Des objectifs mesurables et un suivi renforcé
Le SDAGE vise l’atteinte du bon état écologique et chimique des eaux de surface et des eaux souterraines, ainsi que la prévention de leur détérioration. Pour y parvenir, un programme de mesures (PDM) accompagne le schéma avec des actions réglementaires, techniques et financières localisées, déployées entre 2022 et 2027.
Ces actions couvrent les domaines de l’assainissement, de la gestion agricole, de la restauration des milieux naturels, et de la sensibilisation des acteurs. Le PDM identifie les porteurs de projet, les budgets prévisionnels et les échéances. Il s’appuie également sur des dispositifs contractuels (contrats de territoire, appels à projets, etc.) pour faciliter la mise en œuvre opérationnelle.
Ce programme est complété par un dispositif de surveillance des eaux, qui permet de mesurer les progrès réalisés. Toutefois, plusieurs indicateurs adaptés aux contextes tropicaux manquent encore (ex : absence d’indicateur intégrateur pour La Manzo ou de référentiel benthique pour les eaux littorales). Ces lacunes freinent l’évaluation complète de l’état des masses d’eau et sont au cœur des efforts de recherche et de coopération entre les institutions.
Un document opposable aux décisions publiques
Le SDAGE est juridiquement contraignant dans un rapport de compatibilité : les autorisations administratives (urbanisme, IOTA, ICPE), les documents d’urbanisme (SCoT, PLU) et les politiques publiques doivent être rendus compatibles avec ses objectifs.
Cela signifie que toute décision locale dans les domaines de l’eau ou de l’aménagement doit intégrer les orientations du SDAGE, sans quoi elle pourrait être annulée ou faire l’objet d’un recours. Cette opposabilité s’applique aussi aux documents stratégiques d’échelle régionale, tels que les schémas des carrières ou les schémas d’aménagement régionaux (SAR).
En Martinique, 17 contentieux européens sont en cours pour non-respect des exigences de la DCE, notamment du fait de l’inadaptation des outils nationaux au contexte local. Cela souligne l’importance d’un ajustement technique des indicateurs pour garantir l’effectivité du SDAGE, mais aussi d’une mobilisation de tous les acteurs pour éviter de nouvelles sanctions.

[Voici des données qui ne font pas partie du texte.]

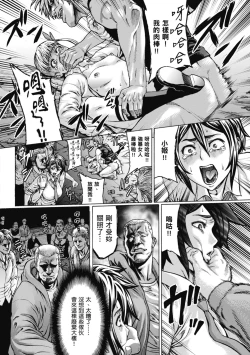 Page 226 of Houjou no Reizoku Elf｜豐收的奴隸精靈～墮入淫獄的母女～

Un carrefour entre politiques de l’eau, de la mer et de la santé publique
Le SDAGE articule ses dispositions avec :
- Le PGRI (Plan de gestion des risques d’inondation), pour intégrer les enjeux d’érosion, de ruissellement et d’extension urbaine en zones sensibles. Il existe des dispositions communes sur la gestion des eaux pluviales, la limitation de l’imperméabilisation des sols, ou encore la protection des zones d’expansion des crues.
- Le Plan Chlordécone IV, qui impose des mesures spécifiques sur les sols et les eaux contaminés. Il s’agit d’éviter l’aggravation des pollutions existantes par les aménagements (dragage, terrassement, etc.) et de conditionner les projets à des analyses préalables et des mesures de compensation.
- Le Plan de gestion du Parc Naturel Marin de Martinique (PNMM), notamment pour la qualité des eaux littorales et la protection des habitats coralliens. Le SDAGE et le PNMM partagent plusieurs objectifs liés à la préservation des milieux côtiers et à la gestion durable des ressources marines.
Des dispositions communes sont identifiées, garantissant une cohérence inter-institutionnelle et une meilleure prise en compte des risques sanitaires, environnementaux et climatiques. Cela permet de renforcer l’efficacité des actions engagées, en évitant les doublons et en mutualisant les efforts.

SDAGE (Schéma Directeur d’Aménagement et de Gestiondes Eaux) Martinique 2022-2027
Un cap clair pour la gestion de l’eau jusqu’en 2027
Outil de pilotage et de responsabilisation, le SDAGE 2022-2027 est une feuille de route ambitieuse qui engage tous les acteurs publics et privés impliqués dans l’aménagement, l’eau et l’environnement en Martinique.